As in our preliminary study [14], chi-square test, χ 2 df, was used to test the null hypothesis that cases and controls have the same distribution of genotype counts. To control type I error in the case of many tests for differences between SNP genotypes of cases and controls, a global (omnibus) chi-square test was performed, first to test the hypothesis zero, H0, which states that there were no differences between cases and controls in any SNP, opposite to the alternative, H1, which states that genotype frequencies in cases and controls were different at least in one SNP. Due to correlation between SNP distributions (linkage disequilibrium present), the distribution of global chi-square statistic was estimated numerically. In the case of small numbers, test statistics distribution was estimated numerically. Odds ratio (OR) was computed as the measure of effect size. Median was used as the location parameter. In the case of the median, the S n statistic was computed as the measure of variability: S n  = med{med|x i  − x j |; j = 1 ... n} [19]. S n is the typical distance between two randomly selected individuals and is used as the measure of variability instead of standard deviations when median is used instead of arithmetic mean. Additionally, the 1st and 3rd quartiles and minimal and maximal observations were reported. A linear model was used to test relations between SNP haplotypes and time to treatment (TTT) and requirement for introducing treatment. The likelihood ratio statistic, LRS ∼ χ 2, was used to test regression coefficients. The difference between two medians of plasma BAFF level was tested based on the bootstrapped studentized T statistic. Deviation from the Hardy-Weinberg equilibrium (HWE) was estimated with the chi-square test and measured as \( f=\frac{p_{CC}-{p}_C^2}{p_C\left(1-{p}_C\right)} \), where p C and p CC are allele C and genotype CC frequencies while f < 0 and f > 0 correspond to deficiency and excess of homozygotes, respectively, and f = 0 in the case of HWE. Haplotype frequencies (HFs) among SNPs were estimated with the maximum likelihood function [20]. Differences in genotype distributions between two groups of cases and between combined group of cases and controls were tested with the χ2 statistic, and the distribution of χ2 was estimated numerically. Analysis was performed using GNU Octave software version 3.8.2.

Results

The case-control study was carried out on groups of patients and controls described in the “Study population” section. There was no evidence that two groups of patients were different in terms of genotype distribution for any of the examined SNPs (χ 2 df≈39 = 43.97, p = 0.2673), so it allowed us to combine patients groups (193 + 246) in order to increase the statistical power of the present case-control study. The global (omnibus) test for homogeneity (χ 2 = 55 on approximately 35 degrees of freedom, ratio χ 2/df = 1.57) showed that the CLL group differed from the healthy control (HC) group in at least one SNP (χ 2 df=35 = 55; p = 0.026).
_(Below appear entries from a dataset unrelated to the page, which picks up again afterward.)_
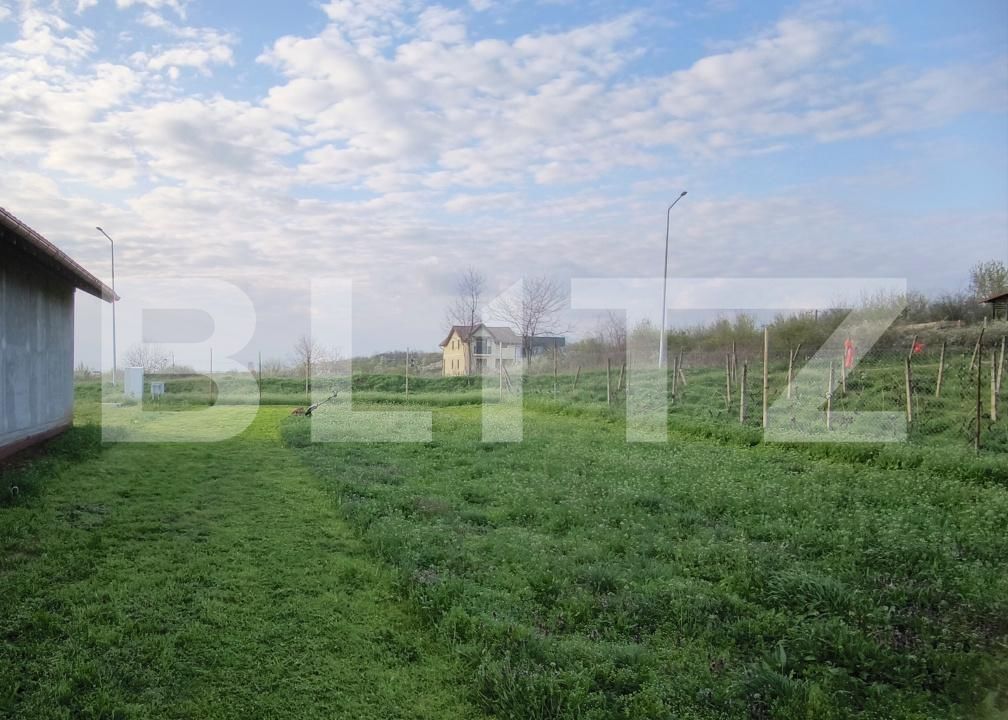 Teren de vânzare Est - 172569TV | BLITZ Craiova | Poza2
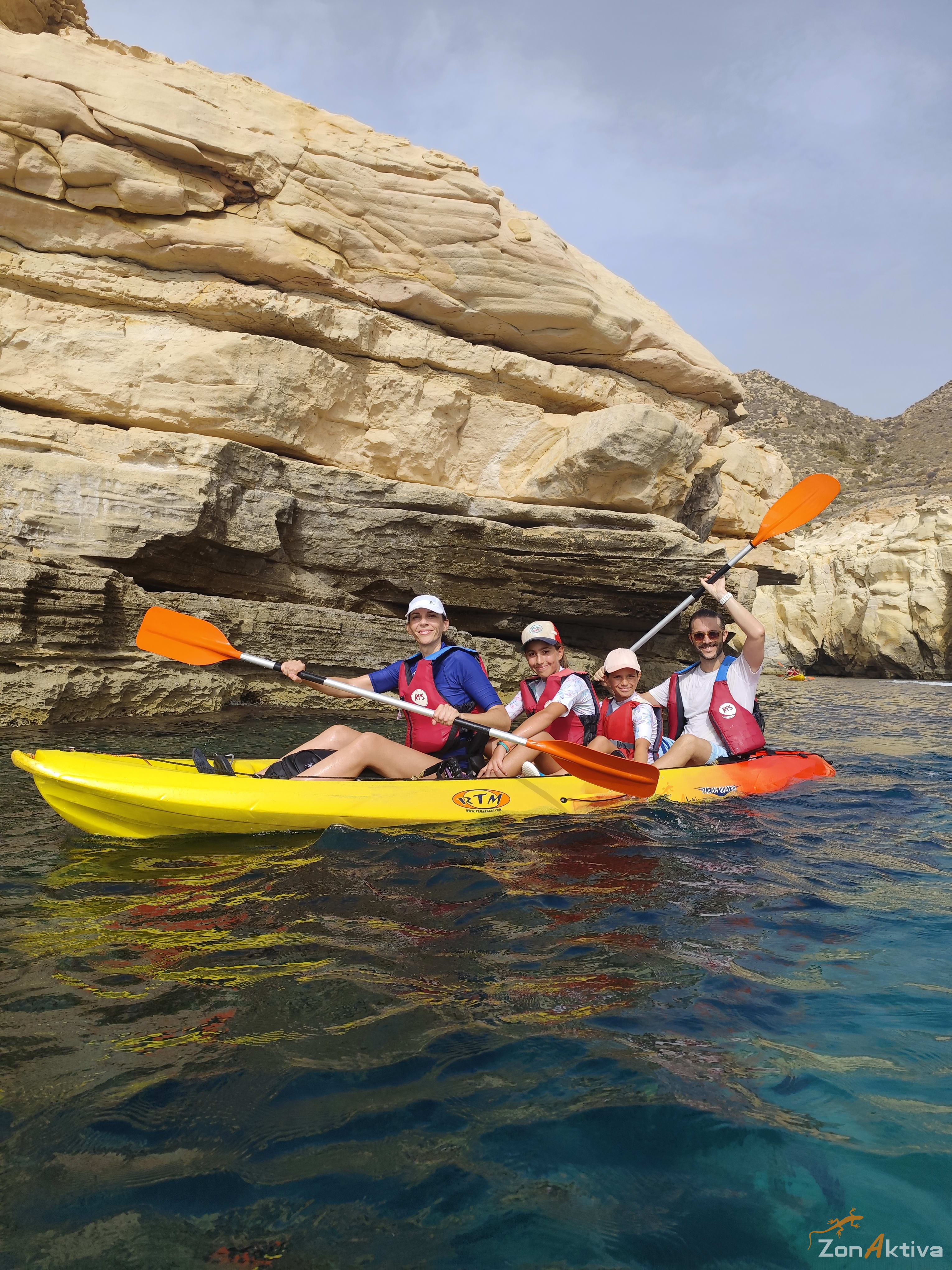 Kayaking in Las Negras, Cabo de Gata – 23 July 2026 (photo 41)
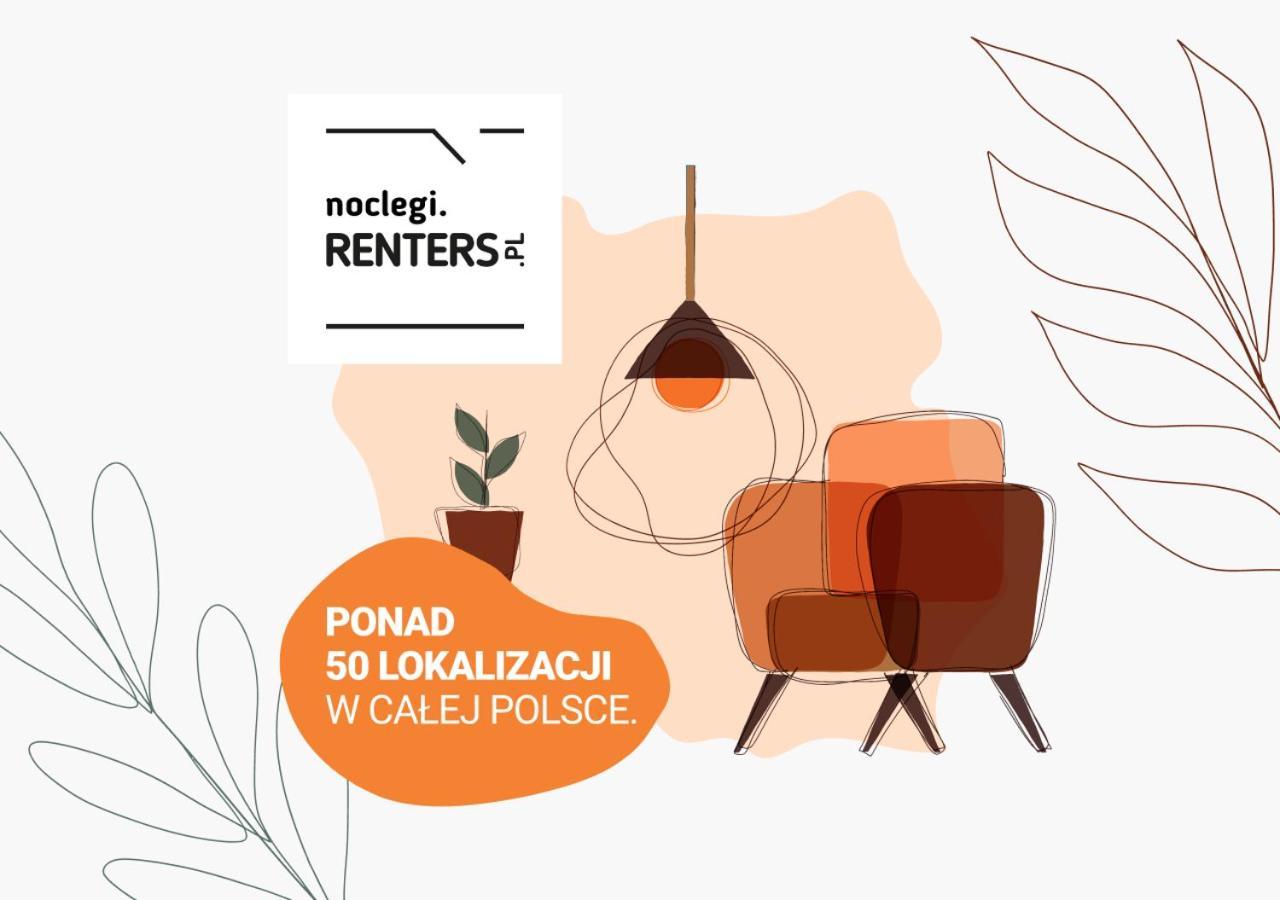 Roomy Apartment Oczapowskiego In Bielany By Noclegi Renters วอร์ซอ ภายนอก รูปภาพ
Hardy-Weinberg equilibrium

Seven out of eight SNPs investigated in this study were in the Hardy-Weinberg equilibrium in HC (Table 2 and Online Resource—Supplementary Table 3). The genotype distribution for rs9514828 differed from that expected under HWE in HC (p = 0.015; f = −0.116; CI 95 % = −0.21, −0.03). We did not exclude this variant from the analysis for several reasons. This particular SNP is functional and was the only one out of 20 SNPs examined (this manuscript presents only results for BAFF and BAFF-R) in our HC group for which deviation from HWE (DHW) was observed. It is well established that the most common sources of deviation from HWE are genotyping errors or population stratification [21]. Genotyping errors were excluded by double genotyping and by the fact that the patient group was in HWE. It is also hardly likely that our study population was stratified resulting from the admixture of other ethnic groups since both of the investigated groups are of Polish origin and they did not differ in terms of allele frequency. The C and T alleles frequencies were as follows: HC patients, C—56.9 %, T—43.1 %; and CLL patients, C—56.8 %, T—43.2 %.

Table 2 Genotype distribution of the BAFF (TNFSF13B) rs1041569 and rs9514828 polymorphisms and BAFF-R (TNFRSF13C) rs61756766 polymorphism in CLL patients and controls

From the statistical point of view, it is not surprising that one out of 20 SNPs tested at α = 0.05 was not in HWE, and as a matter of fact it is expected, even if all 20 examined SNPs in the general population were in HWE. Let s be the number of examined SNPs which are not in HWE in the sample at α = 0.05 and let r be the number of examined SNPs which are in HWE in the general population. We then get P(s ≥ 1| r = 20, α = 0.05) = 0.6415.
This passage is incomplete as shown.